Source data:
----

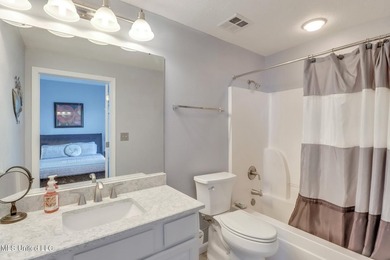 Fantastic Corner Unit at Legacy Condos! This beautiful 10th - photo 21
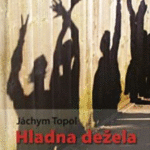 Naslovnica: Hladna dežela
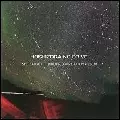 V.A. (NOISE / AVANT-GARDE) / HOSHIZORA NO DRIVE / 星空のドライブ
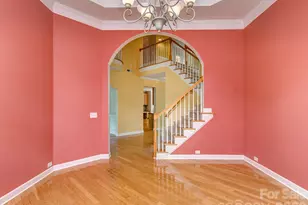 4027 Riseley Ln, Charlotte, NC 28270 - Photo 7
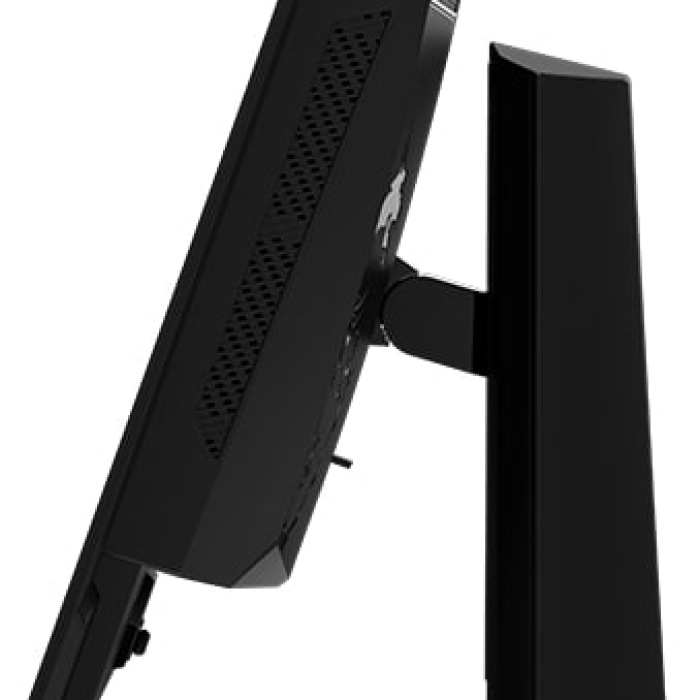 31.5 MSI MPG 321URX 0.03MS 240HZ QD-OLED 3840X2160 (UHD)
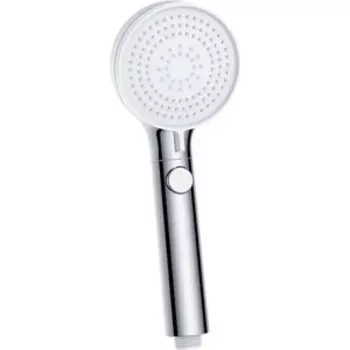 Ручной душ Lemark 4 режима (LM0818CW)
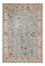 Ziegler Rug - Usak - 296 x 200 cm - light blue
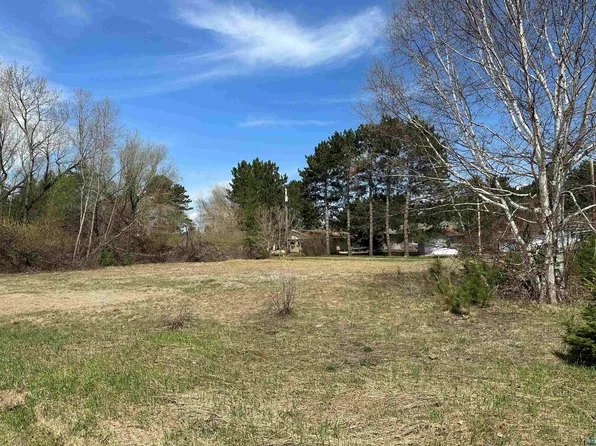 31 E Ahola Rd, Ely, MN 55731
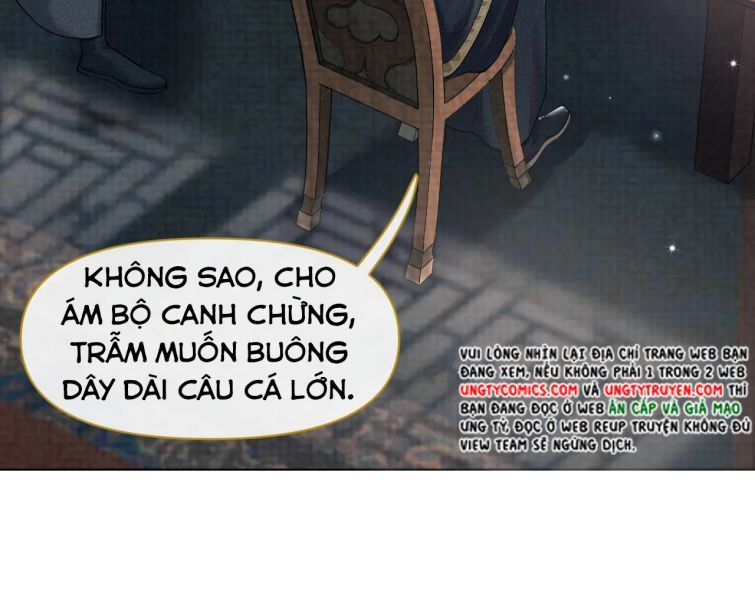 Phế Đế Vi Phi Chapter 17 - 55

----

Exercise description: Beginning with the line that contains "Ziegler Rug - Usak" and ending with the last line of the data, transcribe each line exactly; pictures stay out.

Task response:
 Ziegler Rug - Usak - 296 x 200 cm - light blue
 31 E Ahola Rd, Ely, MN 55731
 Phế Đế Vi Phi Chapter 17 - 55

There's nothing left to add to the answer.